The Archaeology of the Skerries (Ynysoedd y Moelrhoniaid), north Wales





On 19 April, Royal Commission Investigator Dr Toby Driver accompanied an RSPB monitoring visit out to the Skerries, a small group of rocky islets off north-west Anglesey. Archaeological aerial reconnaissance had identified unrecorded earthworks surviving on the southern side of the islet. The trip was also a long overdue chance to examine the wider archaeology and built heritage of this remote islet which has seen few archaeological visitors since Douglas Hague’s trips in the early 1980s, culminating in his 1994 Royal Commission book ‘Lighthouses of Wales’.

The Skerries is dominated by its fine lighthouse, built on an outcrop at the highest point. A light was first established here after 1716, built by William Trench as a personal venture. After several different phases of work the lighthouse achieved its present appearance under Trinity House and consultant engineer James Walker, who rebuilt it in 1851. The light towers 36m above high water, and the residential block presently accommodates RSPB staff during the nesting season among a noisy colony of Artic Terns. Luckily the lighthouse was open for maintenance by Trinity House staff during the visit, allowing new photography of its interior and lantern room.

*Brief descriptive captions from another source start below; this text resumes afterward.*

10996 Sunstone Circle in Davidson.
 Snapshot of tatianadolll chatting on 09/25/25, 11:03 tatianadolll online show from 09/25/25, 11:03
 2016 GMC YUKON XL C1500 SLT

The group of buildings around the lighthouse includes the oldest separate keepers’ dwelling in the British Isles, an early eighteenth-century crow-stepped gabled cottage, and a tiny stone well-head building, both now listed. Both buildings were recorded with 360 degree photography, allowing for future 3D modelling using digital photogrammetry.

During the brief two-hour visit there was time to reconnoitre the wider islet. From the lighthouse, this is reached via a tiny cobbled footbridge across a deep chasm. Further on are the ruins of the ‘Buoy-keepers’ cottage’, a small stone shelter recorded by Hague in 1971. This sits at one end of a larger earthwork building platform identified from aerial photographs. This larger platform may be far earlier than the stone ruin, and could perhaps date to the Middle Ages when the Skerries belonged to the monks of Bangor as one of their principal fisheries. Alongside the platform stands a small stone mooring post above the beach. The vegetation across the main part of the islet is a perforated grass sward covered in rabbit holes, re-used by nesting Puffins in the spring and summer months. Other features noted during the visit included stone navigational beacons, and channels cut between freshwater pools presumably to conserve scarce drinking water in times past.

The Skerries Lighthouse seen from the boat as one approaches the landing stage. The roof of the gabled keepers’ cottage can be seen below.

The tiny gabled lighthouse keepers’ cottage, the oldest separate dwelling of its type in the British Isles.

The attractive footbridge over the chasm which separates the lighthouse from the main part of the islet.

Remains of the ‘Buoy-keepers’ cottage’, a small ruin recorded by Douglas Hague in 1971. It lies at one end of an earlier earthwork platform. Scale 1m.

Looking back towards the lighthouse from the pair of navigational markers built on Toucan rock, named on early Ordnance Survey County Series mapping. Scale 1m.